2016-04-23, 09:45
|
#1
|
Konto usunięte
Zarejestrowany: 2013-09
Wiadomości: 97
|
Nowa generacja drogeryjnych masek ("skrobiowe") - wrażenia?
[Czy mogę tak po prostu założyć nowy wątek, bez podpinania się pod jeden z tych tasiemców?]
Od jakiegoś czasu mam problem ze znalezieniem w drogerii normalnej maski w rodzaju Fructis albo Elseve. Garnier ma frustrujący zwyczaj wypuszczania nowych wersji lub linii i zastępowania nimi starych, które się dobrze u mnie sprawdzały (czerwonej do włosów farbowanych bezskutecznie szukam od kiedy pojawiły się te błękitne, niby na porost czy tam wypadanie).

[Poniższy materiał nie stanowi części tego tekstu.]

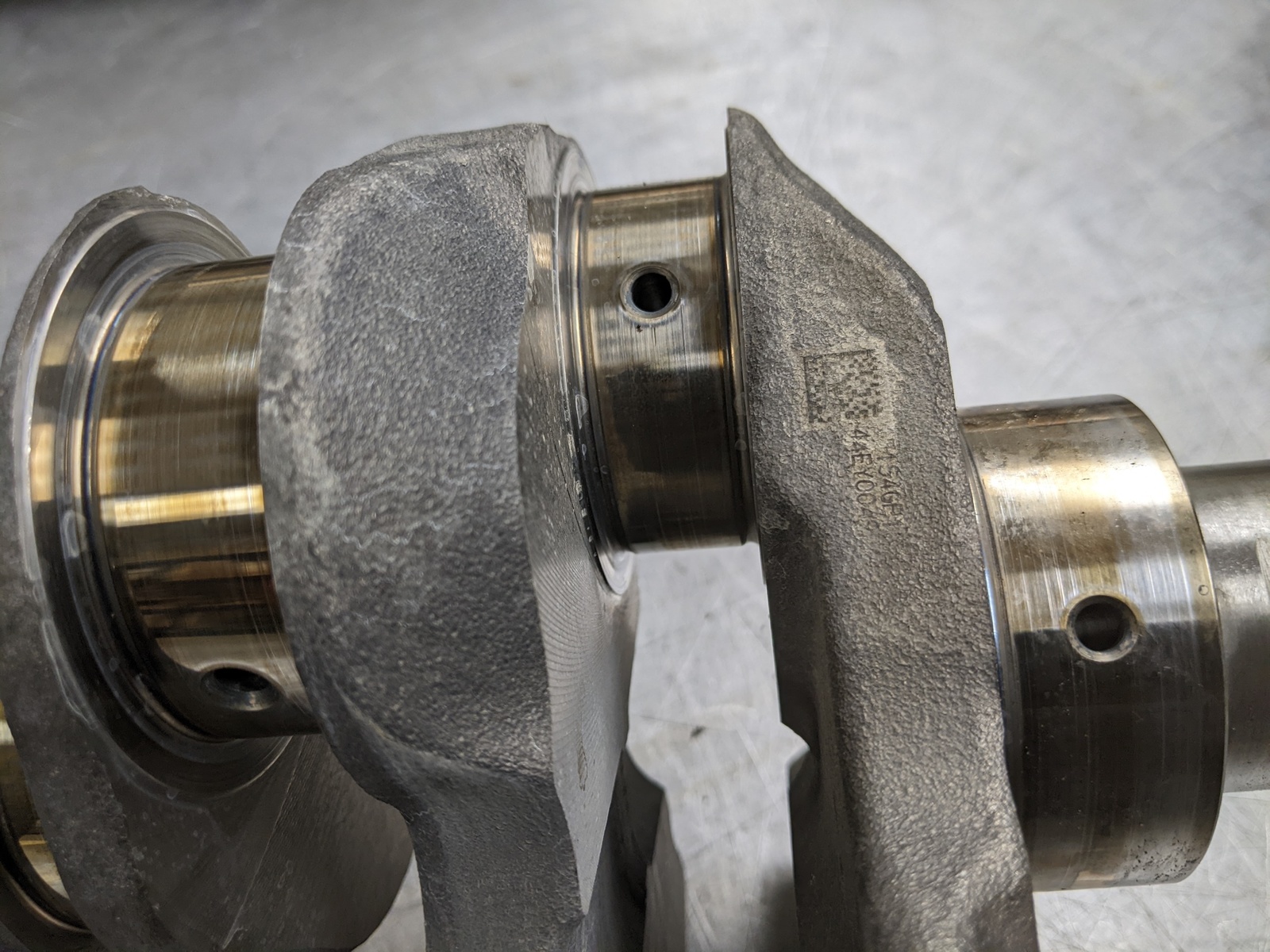 Crankshaft Standard For 14-17 Infiniti QX50  3.7 Item image 3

Wszystkie nowe wersje masek Elseve (od czasu Fibrology: różowa "rozświetlająca", nowa czerwona do farb.) oraz nowe Fructisy (niebieski i jeszcze któryś) opierają się nie na alkoholu cetylowym, tylko na hydroxypropyl starch phosphate (pochodnej skrobi), czyli na starej formule tych błyskawicznych odżywek (kuracji?) w tubach, które nie były złe, ale nie były też maskami Tzn. powlekały filmem, wygładzały, pogrubiały (w pakiecie z opcją nadbudowania się z czasem) ale nie nadawały się zupełnie do trzymania dłużej niż pół minuty-minuta, nie nawilżały, nie zmiękczały lub zmiękczały w niewielkim stopniu. Mnie trzeba maski, a nie odpowiednika silikonowego serum na końcówki.
Moje pytanie brzmi: czy ktoś z was używał starych Elsevów lub Fructisów oraz nowych i ma porównanie? Czy te nowe formuły rzeczywiście przypominają bardziej stare z tub?